On the Müpa website, you can buy t-shirts that reproduce a New York Times quote: “No tickets for Bayreuth? Budapest has a Wagner Festival, too.” This, not too subtly, promotes the fact that Müpa’s Wagner Days are second only to the acknowledged mecca for devotees of the towering German composer.
Why Wagner?
When I asked why Wagner, Szomolányi explained that the Budapest Wagner Days were the brainchild of Hungarian conductor Ádám Fischer, “who realized, when Müpa’s concert hall was planned, that this would be an acoustically perfect setting to perform Wagner operas, staged and semi-staged.”
Fischer was clearly correct. On its website, Müpa includes this quote from a nameless bowled-over critic: “Not all Wagner performances may have the power to change people, not all of them may leave a persistent effect on the human soul, but the Wagner Days directed by Ádám Fischer do have this power.”
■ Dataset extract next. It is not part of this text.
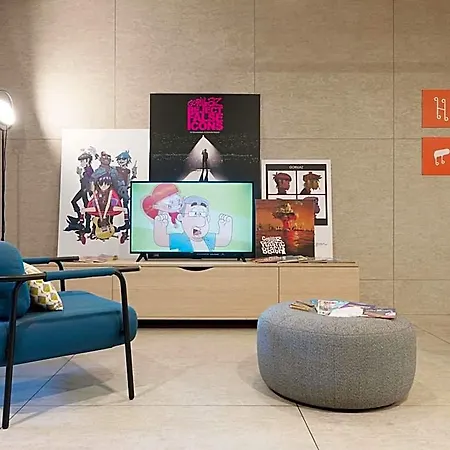 Ibis Styles Centre Gare Hotel 3*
This year’s Wagner Days will run from June 15 to 18. Of the performances, there are currently only tickets available for the performance of “Siegfried.”
Apart from the Met HD Live program that offers New York Metropolitan Opera productions on film and this year includes seven new shows, Müpa also has a hugely popular Film Club.
A recent Film Club program focused on the work of Italian director Federico Fellini. Beginning on February 27, the Film Club will explore the strange and dark world of New German Cinema from the early 1970s to the late ’80s. It includes classic movies “The Enigma of Kaspar Hauser” and “The Tin Drum.” Tickets are currently still available for most of the films.
There’s no doubt, then, that Müpa offers a rich and varied set of cultural programs and events. But it has to be said that it’s located in a part of Budapest that’s not exactly brimful with restaurants and bars to patronize before or after a night at the opera, the movies, or whatever.
Fortunately, Müpa has the P’Art Café and Bistro and Boheme Restaurant, and, as Szomolányi reminds me, you’re still only 15 minutes away from Budapest city center.